### Problem details
Repeat all entries word for word; skip images.

--------------------------------

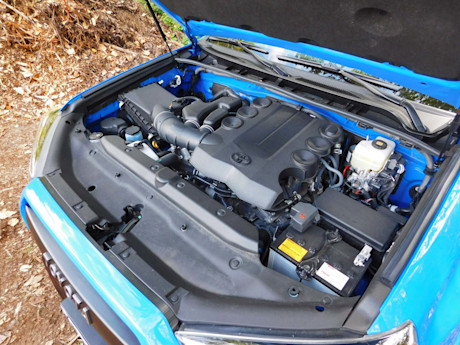 Editorial 2019 toyota 4runner trd pro 19 sh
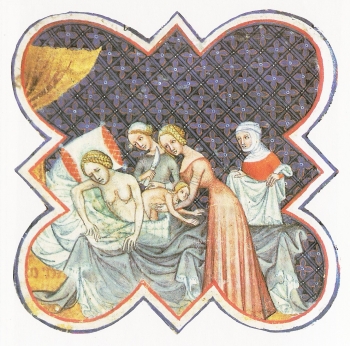 Jean Bondol, Histoire ancienne jusqu'a Cesar, vol. 2, Francia, 1375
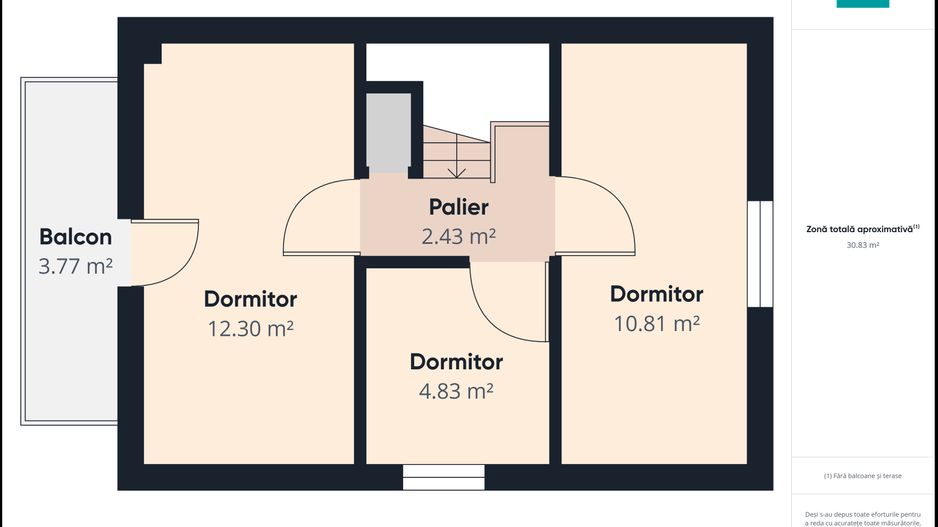 Casă de vacanța în Rădești jud.Arad - Poză 19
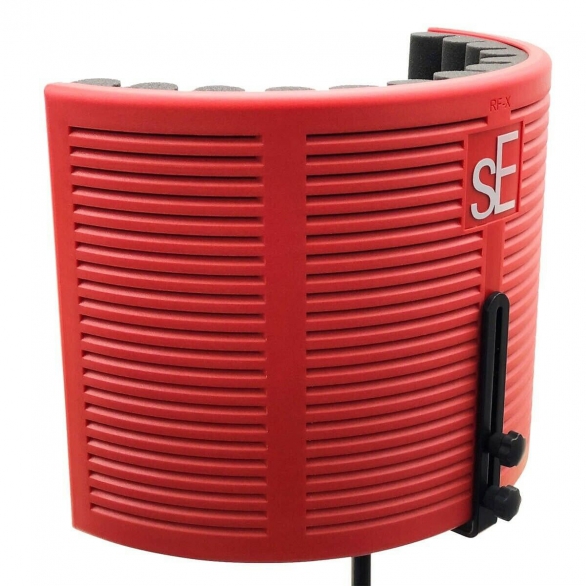 sE Electronics RF-X Limted Edition  Akustik Panel (Kırmızı), Fotoğraf: 1/3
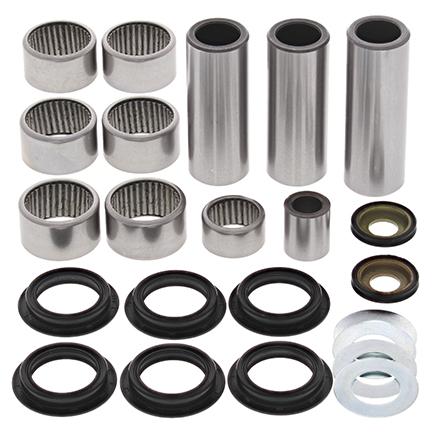 SWINGARM LINKAGE KIT KAW, ALLBALLS 27-1038 KX125/250 93
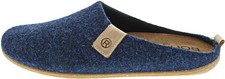 Rohde Tivoli-H Herren Pantoffel blau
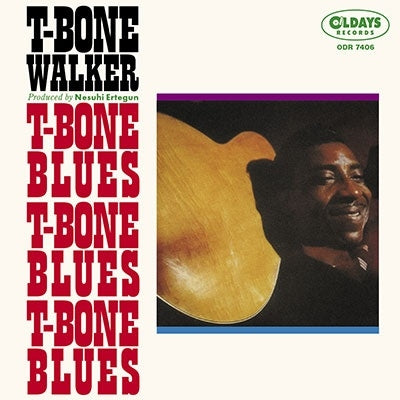 T-Bone Walker t bone blues Japan Music CD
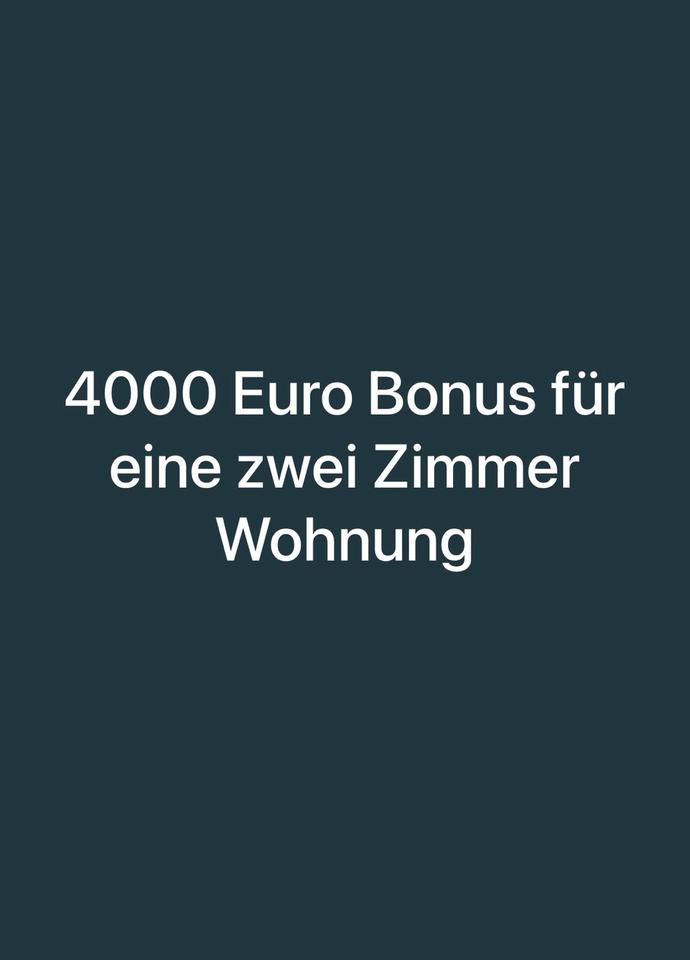 Thumbnail-4000€ Bonus für eine 2 Zimmer Wohnung in Hamburg oder Norderstedt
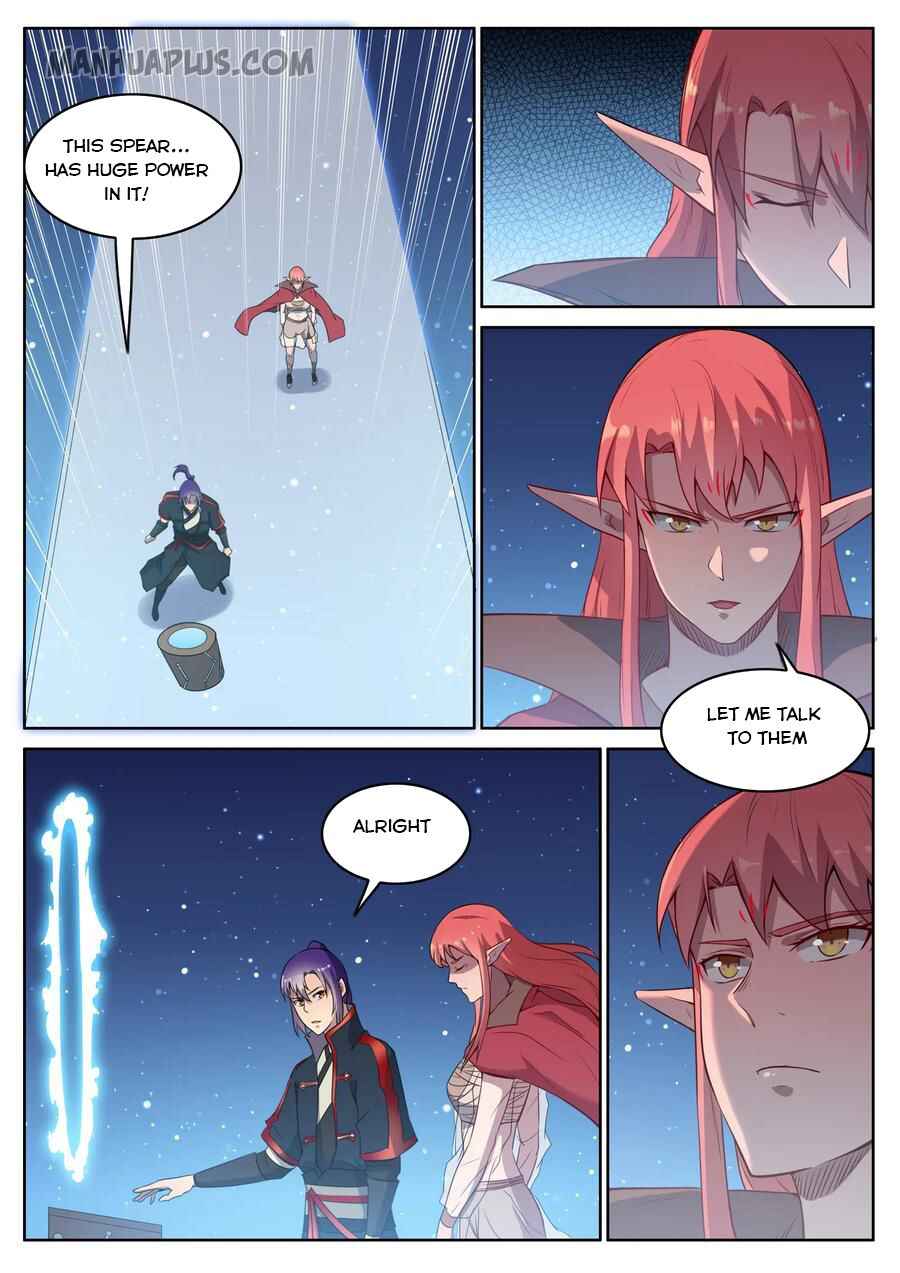 Chapter 562 - Page 3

--------------------------------

### Result for this task
 Editorial 2019 toyota 4runner trd pro 19 sh
 Jean Bondol, Histoire ancienne jusqu'a Cesar, vol. 2, Francia, 1375
 Casă de vacanța în Rădești jud.Arad - Poză 19
 sE Electronics RF-X Limted Edition  Akustik Panel (Kırmızı), Fotoğraf: 1/3
 SWINGARM LINKAGE KIT KAW, ALLBALLS 27-1038 KX125/250 93
 Rohde Tivoli-H Herren Pantoffel blau
 T-Bone Walker t bone blues Japan Music CD
 Thumbnail-4000€ Bonus für eine 2 Zimmer Wohnung in Hamburg oder Norderstedt
 Chapter 562 - Page 3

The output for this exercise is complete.